Combustibile per il falò


Il circuito di Siracusa nel periodo a cavallo tra i primi anni cinquanta e la metà anni sessanta ha rappresentato una meta fissa per i piloti di Formula 1; gara fuori campionato, ma quasi sempre i migliori erano tutti presenti.
Se chiedevi ai piloti qual'era la caratteristica principale del circuito di Siracusa tutti rispondevano esattamente allo stesso modo: i muretti.
Micidiali, a pochi centimetri dalla pista, quasi sempre pieni di persone appollaiate, non perdonavano mai.
Durante l'edizione del 1954 Mike Hawthorn su Ferrari perde il controllo quando è in testa, sbatte contro uno di questi famigerati muretti. La vettura prende subito fuoco, lui riesce sgusciare dall'abitacolo, salta il muretto e si ritrova rotolante in un campo nel tentativo di spegnere un principio di incendio della maglia indossata.
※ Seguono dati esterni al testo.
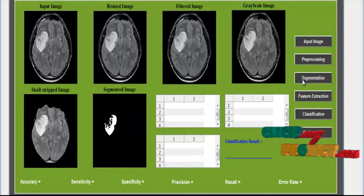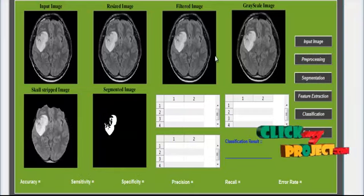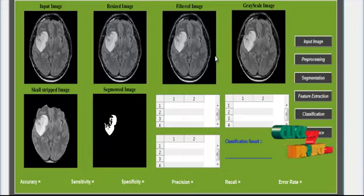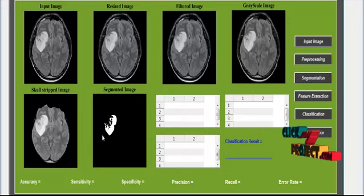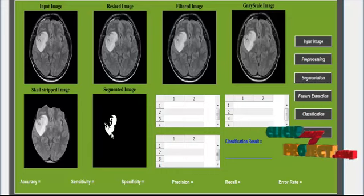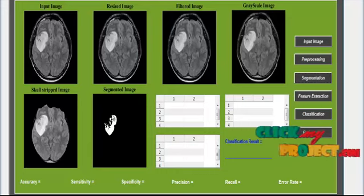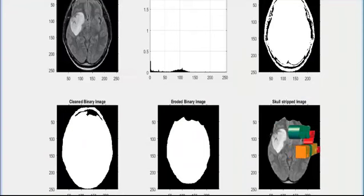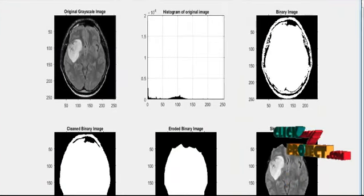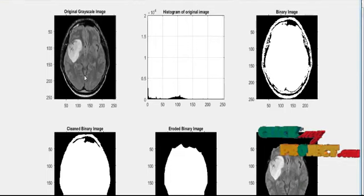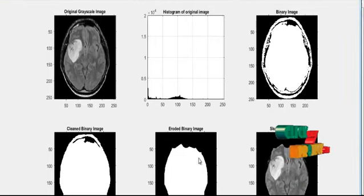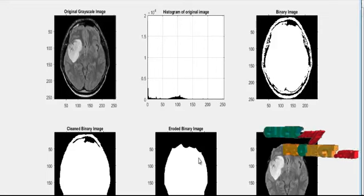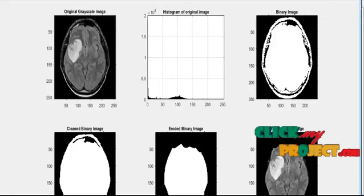In segmentation, first the skull is stripped from the image, and then the final tumor portion is extracted. In between, some intermediate results are visible, such as the original image, binary image, and the eroded image, which represents the skull region of the brain being eroded.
Froilan Gonzales si ferma subito per soccorrere il compagno di squadra, scenda anche lui dalla macchina, il fuoco divampa, non capisce subito dove è finito Mike, il fumo si alza. Il problema è che si dimentica della leggera pendenza della strada nel punto in cui ha parcheggiato la sua Ferrari 553 Squalo.
Quando si accorge che Hawtorn è sano e salvo, anche se con qualche bruciacchiatura qua e là, nel campo di grano adiacente la pista, la sua Ferrari ha ormai tamponato quella di Mike. E il fuoco non chiede di meglio. Per l'esuberante popolo dei muretti Siracusano anche quello è spettacolo.
Un po' meno per Enzo Ferrari che si vede incenerire due delle sue macchine in quel modo forse evitabile.